Ia mulai meneliti dan mendalami songket Minangkabau dan kemudian songket dari seluruh Sumatera. Penelitian ini masih berlanjut hingga saat ini. Ia mendokumentasikan pola songket dan memiliki koleksi foto lebih dari 2000 tekstil songket kuno yang berbeda. Ia mulai bekerja dengan tiga penenun di wilayah tersebut untuk mempraktikkan temuannya dan bereksperimen dengan alat tenun, benang, dan pola.
Bernhard memutuskan untuk membangun rumah dengan sanggar tenun yang berdekatan sehingga segala kebutuhan untuk memproduksi tekstil songket dapat dilakukan dalam satu atap. Sesuai rancangannya sendiri, hal ini diwujudkan pada tahun 2008, di Batu Taba, sebuah desa tak jauh dari kota Bukittinggi, dataran tinggi Sumatera Barat, di Kabupaten Agam yang dulunya merupakan sentra tenun yang berkembang pesat.
Studio ini secara bertahap menjadi sukses. Pada bulan November 2012, dua kain bahunya menerima Penghargaan Keunggulan Kerajinan Tangan UNESCO, Asia Tenggara. Dua kali mengadakan pameran di Jakarta (2006 Cemara6Galeri, dan 2011 BenteraBudaya). Selain itu juga mengikuti pameran di Jakarta (Museum Tekstil 2014) dan Kuala Lumpur (Museum Nasional Malaysia 2016). Dalam upayanya untuk menjadikan Songket lebih modis pihak studio mendapat dukungan melalui perancang busana Indonesia Adrian Gan yang menggunakan songketnya untuk menciptakan koleksi barunya “Eloquence of the Eighties” untuk peragaan busana di Jakarta, pada Mei 2016. Terakhir, pada tahun 2018, Bernhard mengkurasi sebuah pameran di Swiss (Kulturort Garnlager Lyssach) mengenai songket yang diproduksi oleh studionya.
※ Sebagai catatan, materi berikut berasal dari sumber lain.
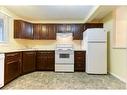 65-200 Shawnessy Drive Sw, Calgary, AB  - Indoor Photo Showing Kitchen 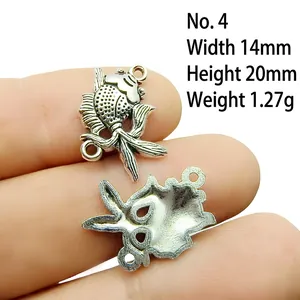 Detailed close-up of fish-shaped antique silver alloy charm showing scales and size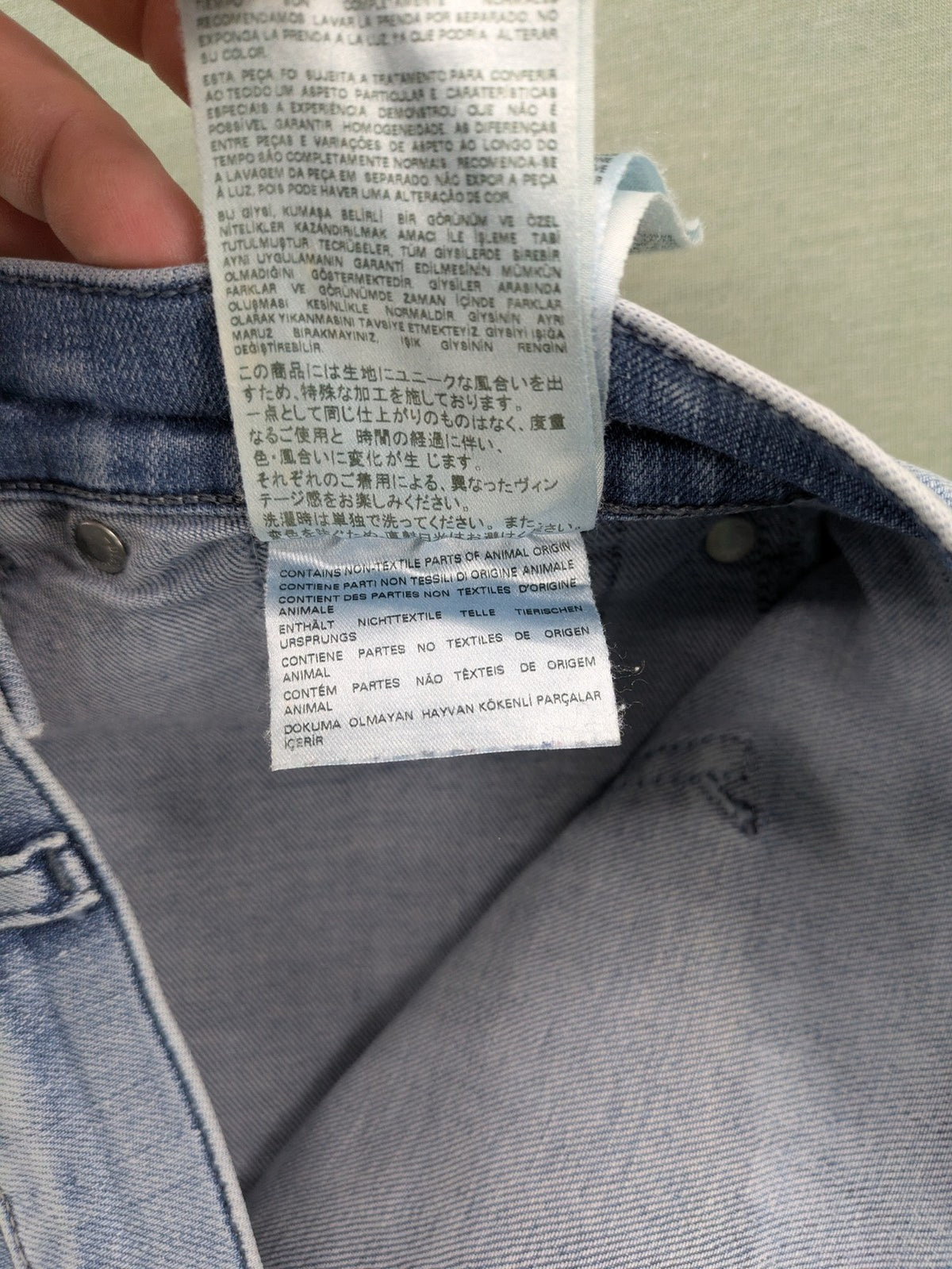 Diesel blue bootcut jeans with white patch pockets and regular waist, stylish stretch material.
Untuk informasi lebih lanjut tentang pameran ini silakan lihat di bawah acara.
Seiring berjalannya waktu, mitra Indonesia pun berganti, sehingga nama sanggar tenun pun ikut berubah: Erika Rianti (2005-2012), Sumatera Loom (2013-2015), palantaloom (2016-2022), dan sejak tahun 2023 menjadi bernama P.T. Songket Bernhard Bart. Kini, setelah mandiri, Bernhard menjalankan sanggar seperti dulu, sehingga memastikan karyanya terus berlanjut, dengan tujuan yang sama seperti awal: mengolah dan melestarikan tenun songket tradisional.